Piper engine settings

About Piper TTS

Piper TTS is an offline text-to-speech engine that generates realistic-sounding speech using AI-based techniques. The Piper TTS neural network architecture captures natural prosody (intonation and rhythm), as well as acoustics, more accurately than older concatenative or formant generation systems. Most Piper TTS voices are trained on standard speech datasets such as LJSpeech, which contains approximately 13,000 recorded English phrases—several hours of speech in total.

System Requirements

Piper is designed to produce real-time speech on modest hardware systems.

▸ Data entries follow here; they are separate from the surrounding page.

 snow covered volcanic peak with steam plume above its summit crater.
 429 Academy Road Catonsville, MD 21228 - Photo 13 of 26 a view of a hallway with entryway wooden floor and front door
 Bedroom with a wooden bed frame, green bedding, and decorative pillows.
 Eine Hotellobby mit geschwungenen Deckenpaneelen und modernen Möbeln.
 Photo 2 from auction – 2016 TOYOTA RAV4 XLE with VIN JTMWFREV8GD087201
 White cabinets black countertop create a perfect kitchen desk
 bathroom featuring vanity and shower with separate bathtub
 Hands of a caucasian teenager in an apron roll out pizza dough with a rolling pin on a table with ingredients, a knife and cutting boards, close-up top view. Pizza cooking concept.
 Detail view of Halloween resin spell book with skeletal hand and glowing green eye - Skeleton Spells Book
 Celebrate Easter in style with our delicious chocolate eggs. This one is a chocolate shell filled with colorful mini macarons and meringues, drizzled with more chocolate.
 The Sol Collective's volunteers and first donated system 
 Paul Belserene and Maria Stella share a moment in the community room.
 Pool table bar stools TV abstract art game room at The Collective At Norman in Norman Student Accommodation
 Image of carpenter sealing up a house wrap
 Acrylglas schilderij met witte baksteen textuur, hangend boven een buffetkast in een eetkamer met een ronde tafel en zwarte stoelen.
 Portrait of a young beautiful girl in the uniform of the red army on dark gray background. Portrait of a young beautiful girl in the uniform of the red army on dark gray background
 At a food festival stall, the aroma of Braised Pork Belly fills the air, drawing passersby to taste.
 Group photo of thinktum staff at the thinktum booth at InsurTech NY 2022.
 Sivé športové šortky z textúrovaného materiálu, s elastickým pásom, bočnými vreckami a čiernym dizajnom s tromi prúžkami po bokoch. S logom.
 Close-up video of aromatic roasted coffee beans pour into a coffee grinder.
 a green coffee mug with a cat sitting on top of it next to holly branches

For optimal performance, the following is recommended:

A quad-core CPU. A GPU is not required.
8GB of RAM.

Each voice model requires approximately 100MB of storage space, with standard voices ranging from 80MB to 120MB depending on quality settings.

Settings

The Piper TTS settings page displays a list of voices that you currently have installed. To use a voice:

Select a Voice: Click on any voice in the list to select it as the active Piper voice
Voice Preview: Clicking on a voice will read a simple test text in that voice, allowing you to hear how it sounds before making it your active selection
Active Voice Indicator: The currently selected voice will be highlighted in the interface

Voice Downloads

If there are voices that you have not installed, you will see a "Download Piper Voice Pack" button. This button will download additional voices to expand your selection. There are 19 voices in total available for download.